Beatrice Dummer nos vinhedos de Montemagno. Créditos: Niccolò Fusaro/Divulgação/GS
Em comemoração aos 150 anos da imigração italiana no sul do Brasil, sigo explorando as raízes que ligam os dois países. Percebo que o oceano não afasta os descendentes italianos de suas origens. Mesmo com o avanço da história e as reinvenções culturais, alguns valores permanecem inabaláveis: vínculo familiar, apreço pela culinária, orgulho do sobrenome e dedicação ao trabalho. São traços que persistem, mesmo em terras distantes, como uma flor que, ao ser semeada em novos solos, finca raízes profundas e floresce, preservando sua essência e beleza.
Dessa vez, minha jornada me levou a Montemagno, uma pequena comuna nas colinas ondulantes do Monferrato – região histórica do Piemonte, conhecida por sua tradição vitivinícola secular e pelo reconhecimento como Patrimônio Mundial da Unesco em 2014. As paisagens vitivinícolas de Langhe-Roero e Monterrato foram valorizadas pela preservação de técnicas ancestrais e pela harmonia entre homem e ambiente. Consideradas “um testemunho vivo excepcional da tradição histórica da cultura dos vinhedos, dos processos de vinificação, de um contexto social, rural e de um tecido econômico baseado na cultura do vinho”, essas paisagens integram práticas tradicionais ao solo e ao clima locais, consolidando sua relevância.

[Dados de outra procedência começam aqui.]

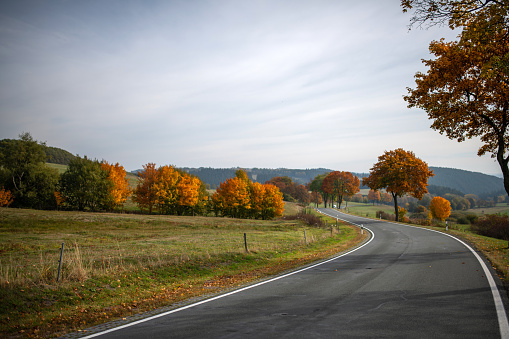 Thuringia, Germany: A winding road through the autumn landscape with colored trees.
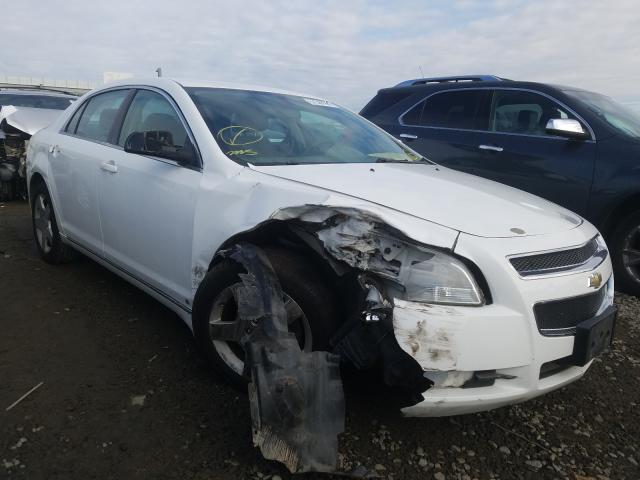 CHEVROLET MALIBU 1LT 2010 1g1zc5eb7a4103764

Onde hoje se encontram estas belas colinas, há milhões de anos havia o mar. Com o passar do tempo, a sedimentação da areia deu origem a rochas porosas que podem ser escavadas e esculpidas facilmente, até mesmo com o uso de uma colher. Parte dessa herança cultural inclui o peculiar Monferrato degli Infernot, cujo nome significa “pequeno quarto sem janelas”. Trata-se de estruturas subterrâneas, esculpidas manualmente pelos antigos moradores sob o solo de suas próprias casas, utilizadas para armazenar vinhos devido às condições ideais de temperatura que garantem a preservação da bebida. Os infernots simbolizam a engenhosidade e a preservação do trabalho manual, reforçando o valor histórico da região. E cada infernot era decorado de acordo com a criatividade e o talento do escultor.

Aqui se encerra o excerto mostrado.